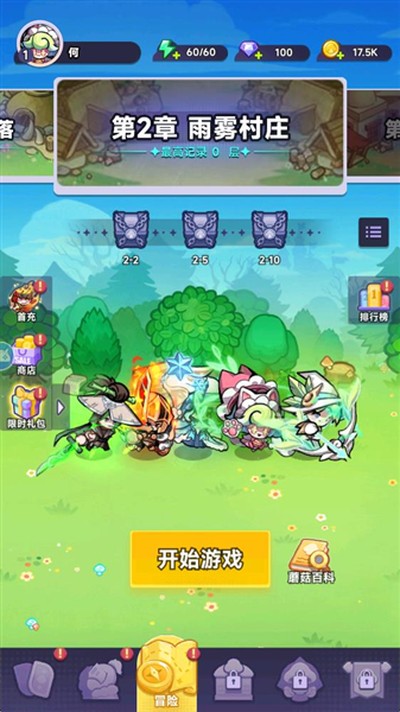 ȫ������ս(�ڸ��һ���)��Ѱ�v1.0.15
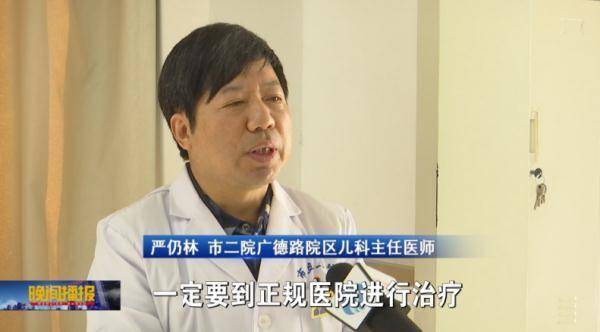 夜灯|孩子睡觉开夜灯危害竟这么大！很多家长都忽略了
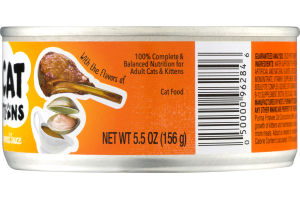 Purina Friskies Cat Concoctions With Lamb In Clam Flavored Sauce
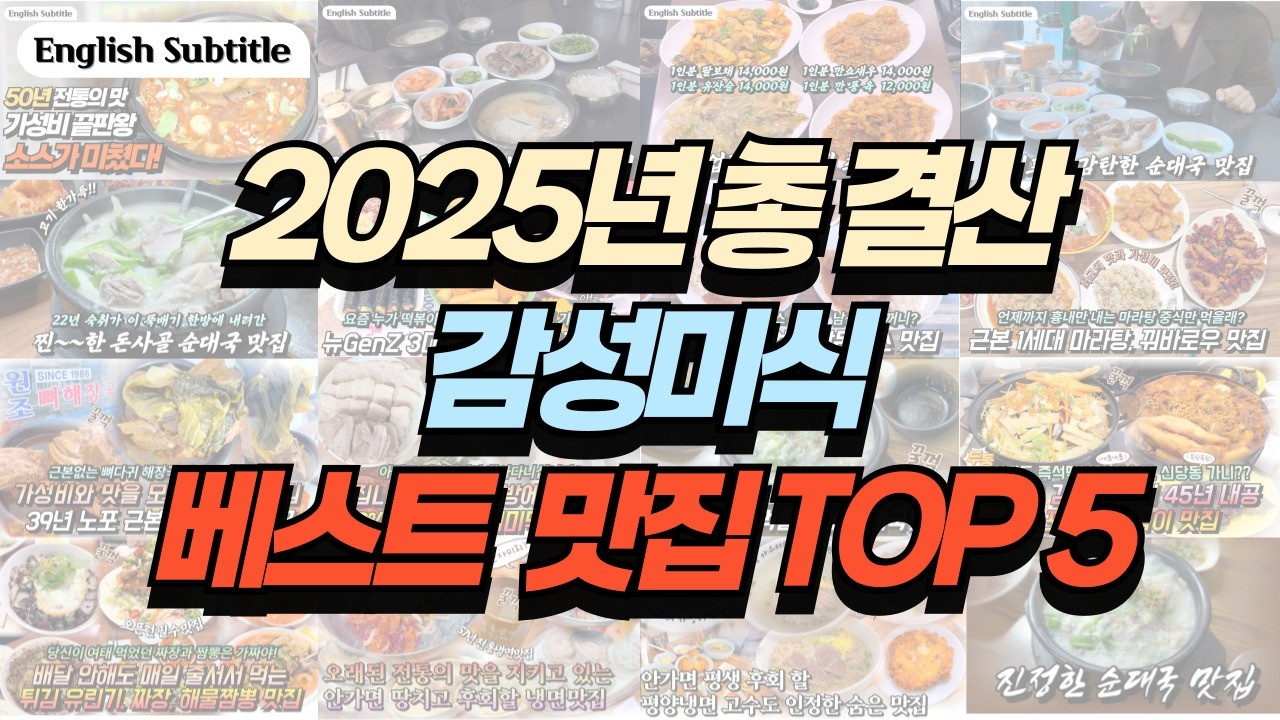 2025년 베스트 맛집 5 감성미식 맛집 어워즈, The Top 5 Restaurants of 2025! You'll Regret Missing These.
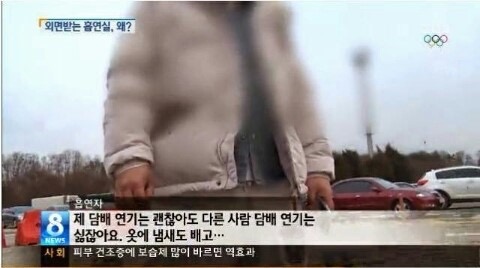 흡연충이란 단어가 생긴 이유 | 인스티즈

○ ○ ○

## What to work on
Once the line containing "2025년 베스트 맛집" is found in the records above, it and every line after it up to the last must be repeated exactly, without pictures.

## Task answer
 2025년 베스트 맛집 5 감성미식 맛집 어워즈, The Top 5 Restaurants of 2025! You'll Regret Missing These.
 흡연충이란 단어가 생긴 이유 | 인스티즈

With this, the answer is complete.